GIVEN MATERIAL =>
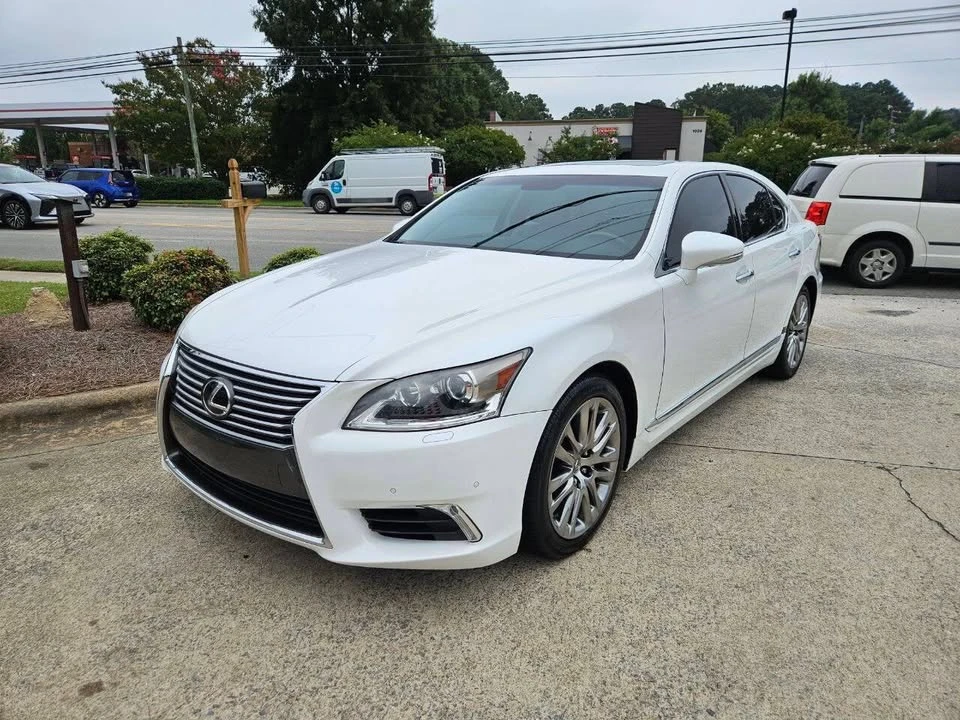 2013 Lexus LS 4th Gen - Image 6 of 13
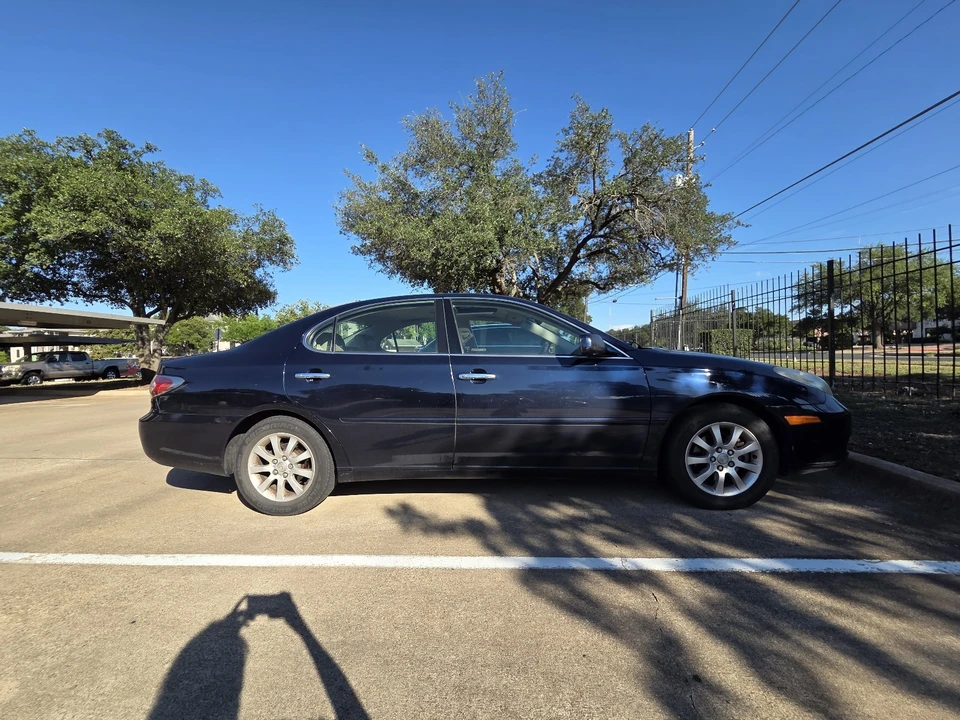 2003 Lexus ES 3rd Gen - Image 4 of 15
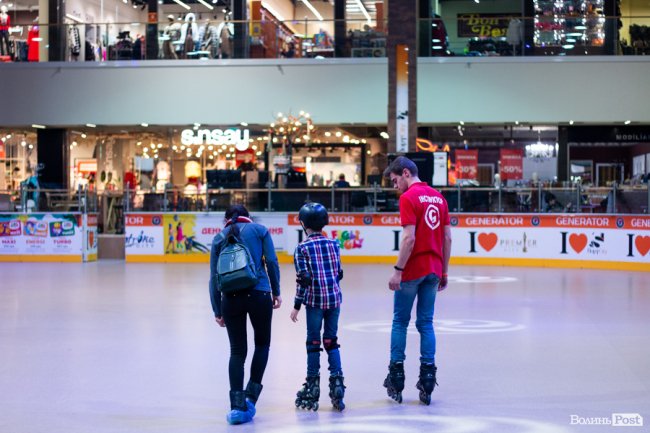 У Луцьку особливі діти з посадовцями вчилися кататися на роликах. ФОТО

WORK ORDER =>
Give the data again word for word, without images.

SOLUTION =>
 2013 Lexus LS 4th Gen - Image 6 of 13
 2003 Lexus ES 3rd Gen - Image 4 of 15
 У Луцьку особливі діти з посадовцями вчилися кататися на роликах. ФОТО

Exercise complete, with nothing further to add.